IMAGE: Tina Turner on the eve of her first solo performance in Britain in 1978. Photograph: Keystone/Hulton Archive/Getty Images

In an interview with Eastern Eye, Merchant recalled the moment Turner came to his mind for the role.

'I saw Tina Turner at Radio City Music Hall performing in front of thousands of people. She arrived magnificently on a crane and landed in the audience. People went berserk when she did this... I thought, if there was something this woman can do then it is to become the goddess Shakti,' Merchant had said.

It took him a decade to finalise the script, and then he approached the music icon.

Determined to make the film despite objections, Merchant explained his stance in a statement titled The Goddess.

The protests were 'based on misconception', he said in a statement still available on the Web site of the production house.

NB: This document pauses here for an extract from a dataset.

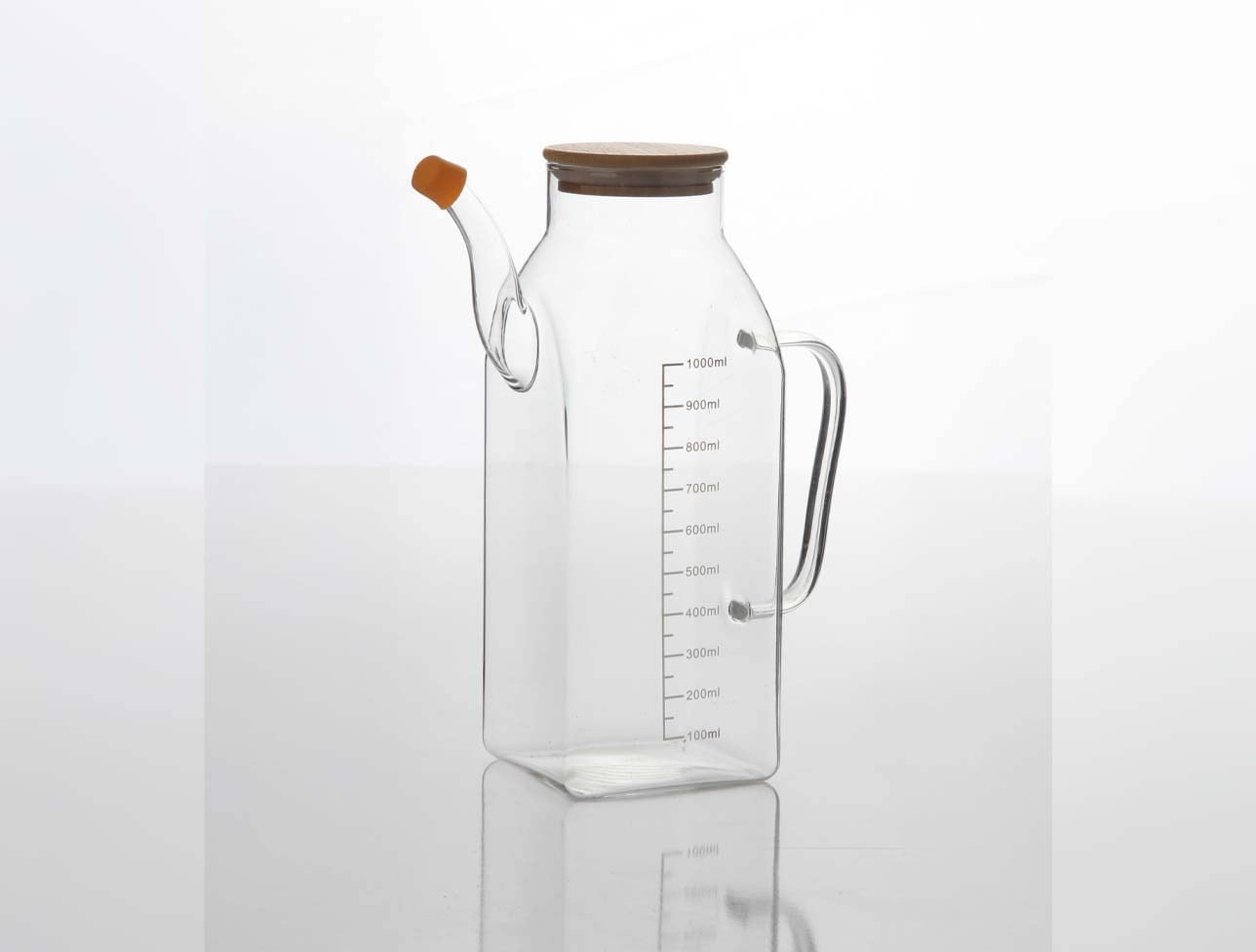 MİEN 1L BAMBU KARE CAM YAĞDANLIK GLA-014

He described Turner as 'one of the great artists of our time' and one who had thrown herself 'whole-heartedly into the project'.

'In her recent trip to India, she said that she felt she had come home. An artist of such international stature should be welcomed coming to India, learning our traditions in order to portray them so that the whole world may know the glory of our music, dance, and spiritual ethos,' Merchant said.

The film-maker said The Goddess was not meant to be a specific representation of a single deity, whether Kali, Laxmi or Durga.

'She is Shakti, the universal feminine energy, which is manifest in Kali, Durga, Mother Mary, Wicca, and each and every woman on the planet. The film has been conceived in order to celebrate this energy, not denigrate it.'

Turner, who has credited Buddhism for helping her get out of an abusive relationship with former husband Ike Turner, was also planning to sing for the movie in languages such as English, Sanskrit and Latin, according to reports.

Turner's India association through a film could not be possible, but her death led to many fans remembering the impact of her music.